A husband and wife have a heated argument in a public place. The wife slaps the husband in the face. The police are called to investigate.

The wife can be arrested for disorderly conduct for intentionally slapping her husband. It should be noted that she could also be charged with the more serious crime of Assault 3rd or Breach of peace 2nd.

Related Offenses

Connecticut General Statutes § 53a-61 – Assault 3rd

Connecticut General Statutes § 53a-181 – Breach of the Peace

Connecticut General Statutes § 53a-21 – Risk of Injury to a Minor

Defenses to Disorderly Conduct

For first-time disorderly conduct offenders, often a top Connecticut criminal defense attorney can work out a favorable resolution of the charges and get the case nolled or dropped if you make a charitable contribution or perform some community service hours. In some cases, your lawyer can get the state's attorney to substitute this misdemeanor charge down to the non-criminal infraction of creating a public disturbance. The decision on whether to plead guilty to a noncriminal infraction of creating a public disturbance should always be discussed with a Connecticut criminal defense lawyer. Of course, for first-time offenders, there is a wide range of diversionary programs that would lead to a dismissal of the case.

When defending a disorderly conduct case, the best approach is to review the specific facts of your case carefully. Since this offense requires a mental element of an intentional or reckless act often, it is difficult for the state to prove that the alleged actions were committed intentionally or recklessly. While the intent may be inferred from the circumstances of the particular case, a skilled criminal defense lawyer can raise defenses to negate this essential element of the crime. Also, self-defense is a common defense to disorderly conduct allegations.

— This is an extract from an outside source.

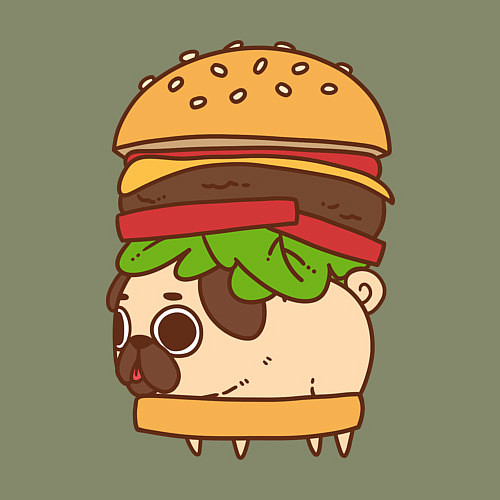 Мужской свитшот Мопс-бургер / Авокадо – фото 3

Receiving a Misdemeanor Summons is an Arrest

The police have the option when arresting you for Connecticut General Statutes § 53a-182 to either take you down to the police station for booking or issue you a misdemeanor summons and give you a court hearing date. Many clients feel that because the police did not “book them” and take them in a police car or even put them in handcuffs, this means that it was not “an arrest.” This is not accurate. If you have received a misdemeanor summons for disorderly conduct, it will go on your FBI arrest history and is an official arrest. An arrest for disorderly conduct can have significant effects on your future, so it is essential to hire a top Connecticut criminal defense attorney to fight these allegations zealously.

Penalties

Connecticut General Statutes § 53a-182 is a class C misdemeanor which a conviction after trial or plea of guilty could face up to 90 days in jail and a fine of $500.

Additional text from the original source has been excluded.